Hide table of contents

Epistemic status: raising concerns, rather than stating confident conclusions.

I’m worried that a lot of work on AI safety evals matches the pattern of “Something must be done. This is something. Therefore this must be done.” Or, to put it another way: I judge eval ideas on 4 criteria, and I often see proposals which fail all 4. The criteria:

1. Possible to measure with scientific rigor.

Some things can be easily studied in a lab; others are entangled with a lot of real-world complexity. If you predict the latter (e.g. a model’s economic or scientific impact) based on model-level evals, your results will often be BS.

(This is why I dislike the term “transformative AI”, by the way. Whether an AI has transformative effects on society will depend hugely on what the society is like, how the AI is deployed, etc. And that’s a constantly moving target! So TAI a terrible thing to try to forecast.)

Another angle on “scientific rigor”: you’re trying to make it obvious to onlookers that you couldn’t have designed the eval to get your preferred results. This means making the eval as simple as possible: each arbitrary choice adds another avenue for p-hacking, and they add up fast.

(Paraphrasing a different thread): I think of AI risk forecasts as basically guesses, and I dislike attempts to make them sound objective (e.g. many OpenPhil worldview investigations).

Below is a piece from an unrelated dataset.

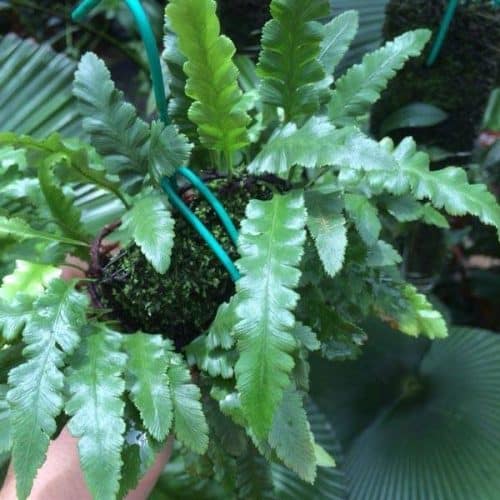 FWCt6YQ9xNkmlqxykTMu.jpg FWCt6YQ9xNkmlqxykTMu.jpg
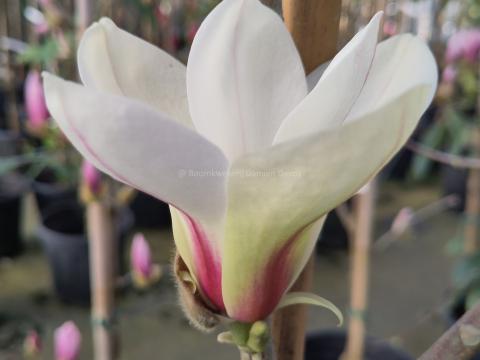 Magnolia 'Sunrise'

There are always so many free parameters that you can get basically any result you want. And so, in practice, they often play the role of laundering vibes into credible-sounding headline numbers. I'm worried that AI safety evals will fall into the same trap.

(I give Eliezer a lot of credit for making roughly this criticism of Ajeya's bio-anchors report. I think his critique has basically been proven right by how much people have updated away from 30-year timelines since then.)

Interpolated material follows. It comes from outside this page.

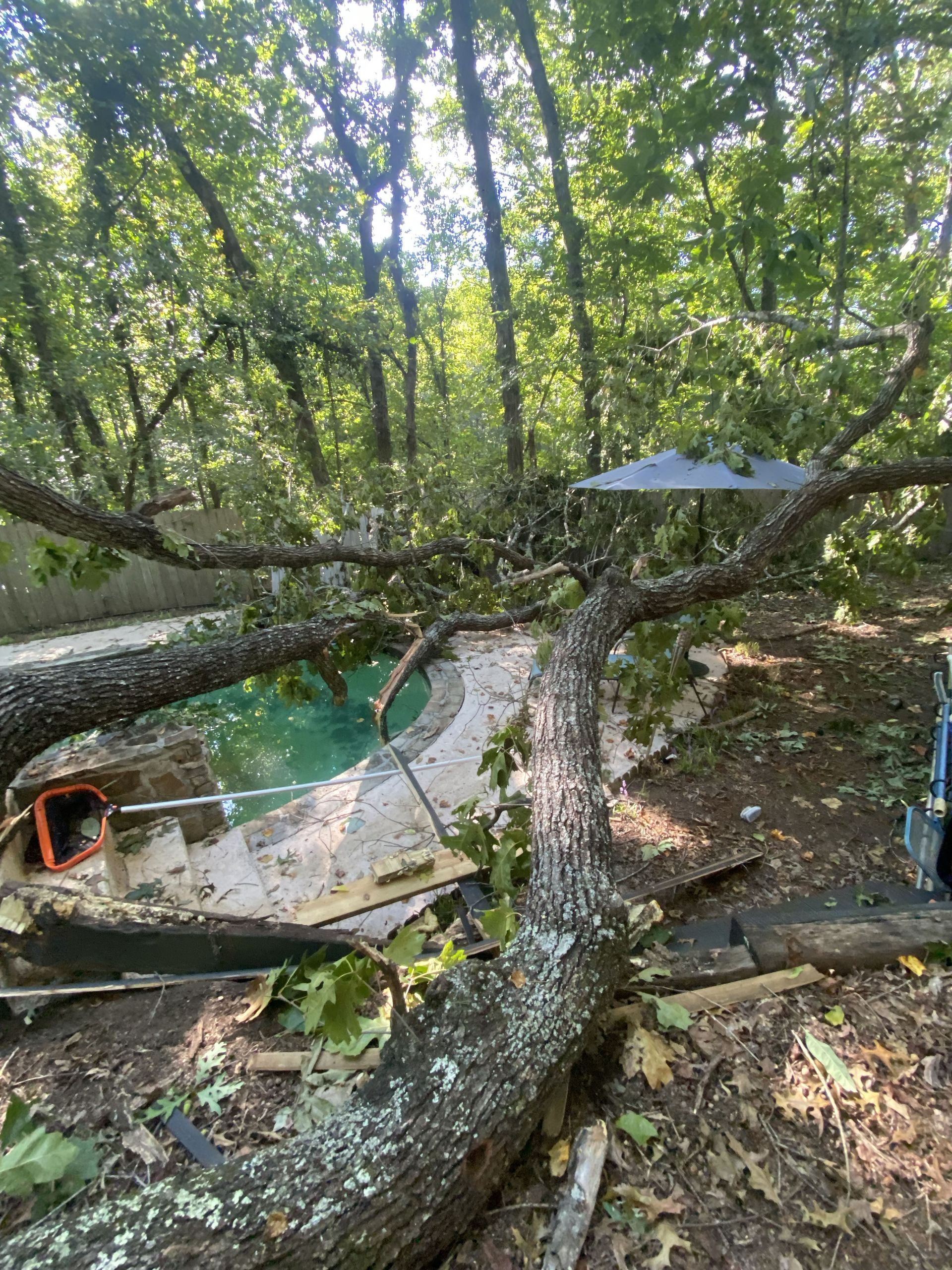 Fallen tree trunk over a green wooded stream with debris and a small dock or platform below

2. Provides signal across scales.

Evals are often designed around a binary threshold (e.g. the Turing Test). But this restricts the impact of the eval to a narrow time window around hitting it. Much better if we can measure (and extrapolate) orders-of-magnitude improvements.

3. Focuses on clearly worrying capabilities.

Evals for hacking, deception, etc track widespread concerns. By contrast, evals for things like automated ML R&D are only worrying for people who already believe in AI xrisk. And even they don’t think it’s necessary for risk.

4. Motivates useful responses.

Safety evals are for creating clear Schelling points at which action will be taken. But if you don’t know what actions your evals should catalyze, it’s often more valuable to focus on fleshing that out. Often nobody else will!

In fact, I expect that things like model releases, demos, warning shots, etc, will by default be much better drivers of action than evals. Evals can still be valuable, but you should have some justification for why yours will actually matter, to avoid traps like the ones above. Ideally that justification would focus either on generating insight or being persuasive; optimizing for both at once seems like a good way to get neither.

Lastly: even if you have a good eval idea, actually implementing it well can be very challenging

Building evals is scientific research; and so we should expect eval quality to be heavy-tailed, like most other science. I worry that the fact that evals are an unusually easy type of research to get started with sometimes obscures this fact.

Comments2


Sorted by Click to highlight new comments since:

Thanks for the post!

“Something must be done. This is something. Therefore this must be done.”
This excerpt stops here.